Cautionary Note Regarding Forward-Looking Statements
Certain information in this news release constitutes forward-looking statements under applicable securities laws. Any statements that are contained in this news release that are not statements of historical fact may be deemed to be forward-looking statements. Forward looking statements are often identified by terms such as “may”, “should”, “anticipate”, “expect”, “potential”, “believe”, “intend” or the negative of these terms and similar expressions. Forward-looking statements in this news release include, but are not limited to, statements and information concerning the anticipated Meeting and the expected timing thereof and related matters, and the completion of the transactions contemplated by the Arrangement. These forward-looking statements involve numerous risks and uncertainties and actual results may vary. Important factors that may cause actual results to vary include, without limitation, the timing and receipt of certain approvals, and the satisfaction of the conditions precedent to the Arrangement, among others. The actual results or performance by the Company could differ materially from those expressed in, or implied by, any forward-looking statements relating to those matters. Accordingly, no assurances can be given that any of the events anticipated by the forward-looking statements will transpire or occur, or if any of them do so, what impact they will have on the results of operations or financial condition of the Company.

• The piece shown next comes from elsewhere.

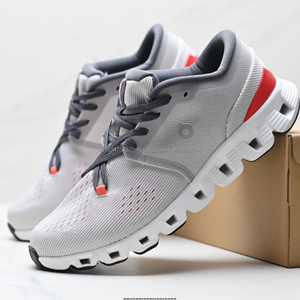 2025รองเท้าผ้าใบแฟชั่นดีไซน์ใหม่คุณภาพสูงสำหรับผู้ชายผู้หญิงรองเท้าวิ่งสวมใส่สบายสไตล์เดินหรูหรา - Product Image 6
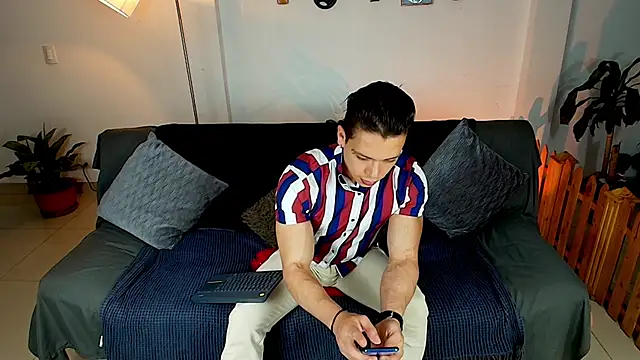 Snapshot of Baxter_Dex chatting on March 14, 11:43 pm Baxter Dex online show from March 14, 11:43 pm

Forward-looking statements contained in this news release are expressly qualified by this cautionary statement and reflect our expectations as of the date hereof, and thus are subject to change thereafter. Except as required by law, Karmin disclaims any intention and assumes no obligation to update or revise any forward-looking statements, whether as a result of new information, future events or otherwise. Additionally, Karmin undertakes no obligation to comment on the expectations of, or statements made by, third parties in respect of the matters discussed above.
Neither the TSX Venture Exchange nor its Regulation Services Provider (as that term is defined in policies of the TSX Venture Exchange) accepts responsibility for the adequacy or accuracy of this release.